Charge Book not binding

After the strong support given to the work of the Judicial College by the Supreme Court, it was only a matter of time before an appeal was brought which relied on a departure from the wording of the Victorian Criminal Charge Book as its ground.

In R v Carter [2009] VSCA 272, the trial judge instructed the jury that,

Moreover, the standard to which you must be satisfied is a high one. It is expressed in words which reflect our understanding of the serious nature of the work of the criminal court. Those words are ‘beyond reasonable doubt’. They are words which have been applied by juries in criminal courts for many years. They mean what they say, and any further definition of them would be neither useful nor proper.

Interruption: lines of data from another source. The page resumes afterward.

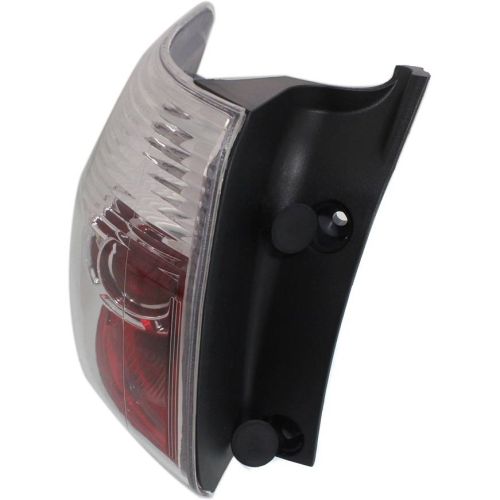GM TRUCKS & VANS ACADIA / ACADIA LIMITED TAIL LAMP ASSEMBLY LEFT (Driver Side) OEM#20912757 2007-2012 PL#GM2800216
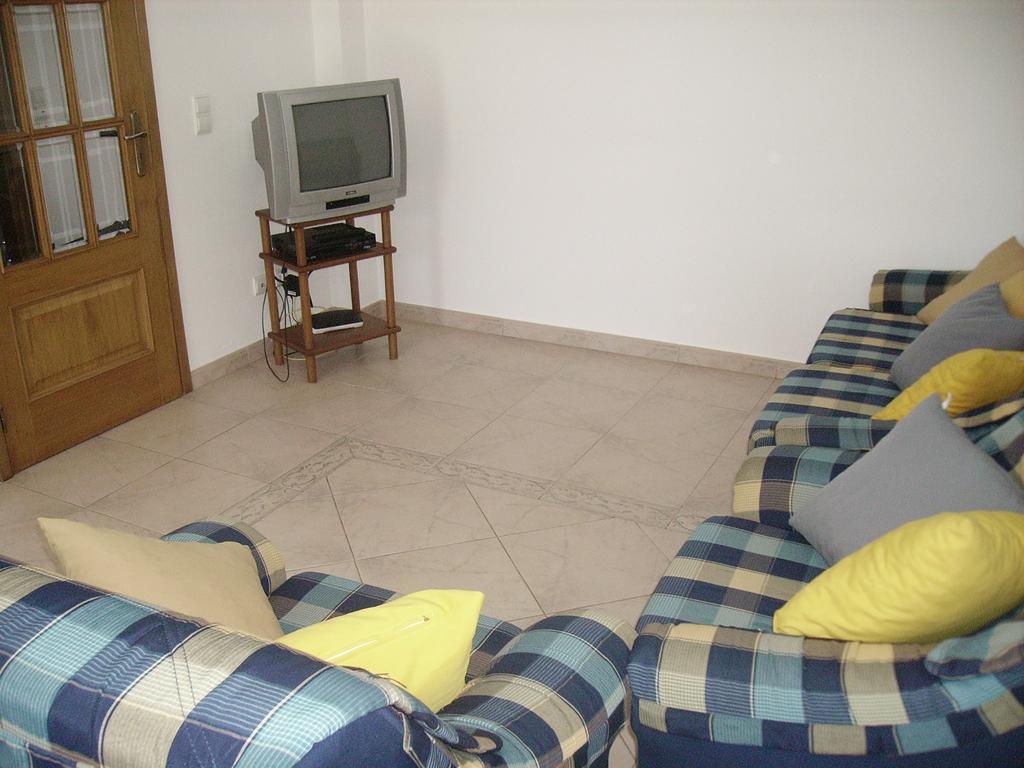 Apartamento Casa Do Sol Apartment Lagos Room photo
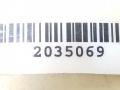 стеклоподъемник электрический передний левый Toyota Verso-S 1 поколение P120 NSP120 2011, 1.6 л., бензин, 6МКПП, минивэн, 85720-52160, DENSO, 062020-2050 - фото №4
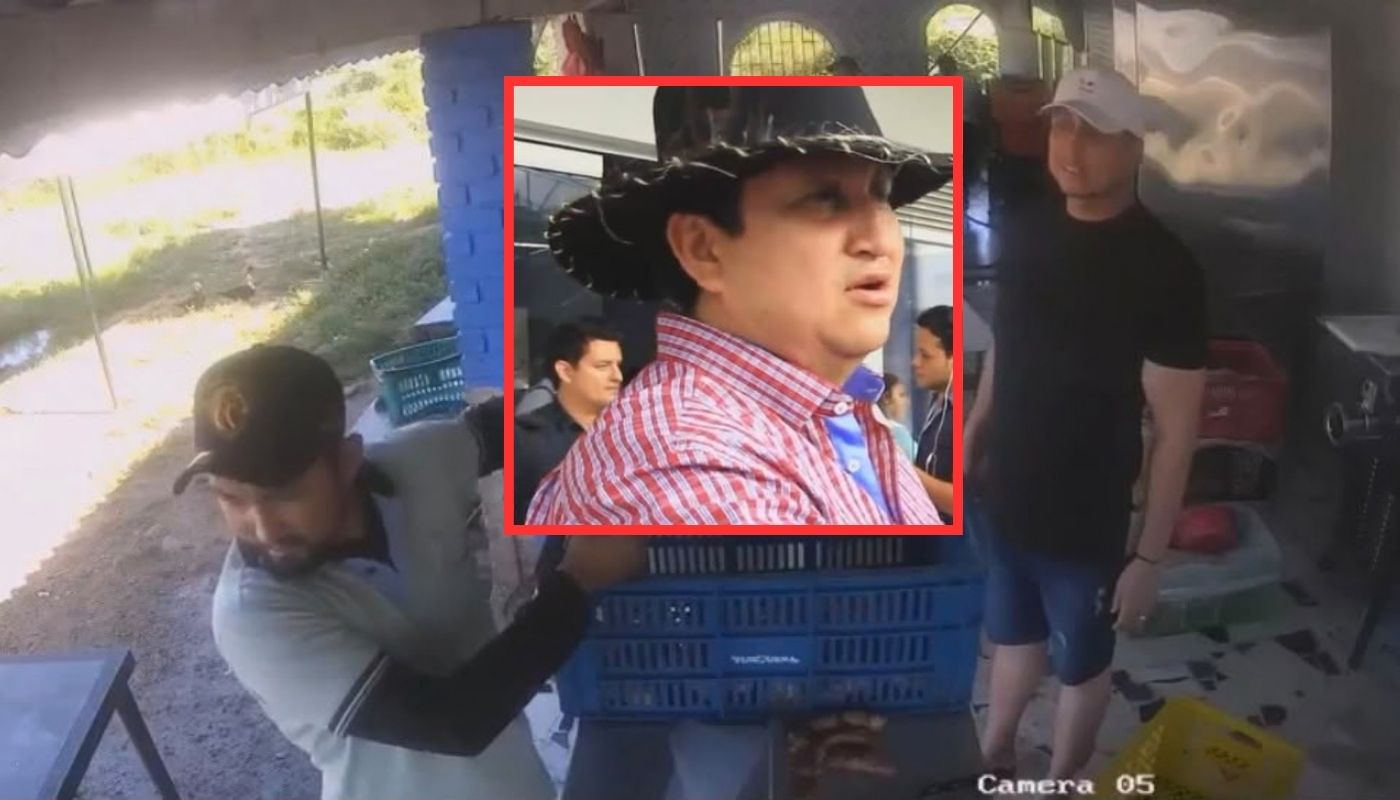 ¿Cómo se habría planeado crimen de Jhon 'Calzones' gracias a videos de redes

This direction complies with the observations made by the High Court in Green v The Queen (1971) 126 CLR 28 about unnecessary explanation of what reasonable doubt is (discussed here in April in Beyond Reasonable Doubt).

The Charge Book has a quite different sample jury direction, that reads [in part],

This is the highest standard of proof that our law demands. It can be compared with the lower standard of proof that is required in a civil case, such as where one person sues another for breach of contract. In that situation, matters only need to be proved on what is called the “balance of probabilities”. That is, they need to be shown to be more likely than not.

The Court of Appeal had little patience for the argument, perhaps seeing a tsunami of appeals based on a departure from the Charge Book looming on the horizon. Weinberg JA (Buchanan JA and Coghlan AJA agreeing) said this,

7 Put simply, the applicant contends that the failure of the trial judge to instruct the jury in accordance with the standard direction set out in the Charge Book gave rise to a miscarriage of justice. The submission comes down to this. The jury may have concluded from his Honour’s use of the term ‘high’ that the standard of proof required in a criminal trial is something less than the highest standard of proof known to the law. In addition, the failure to contrast the ‘high’ standard required in a criminal matter with the lesser standard required in a civil case adds to the risk that they might have done so.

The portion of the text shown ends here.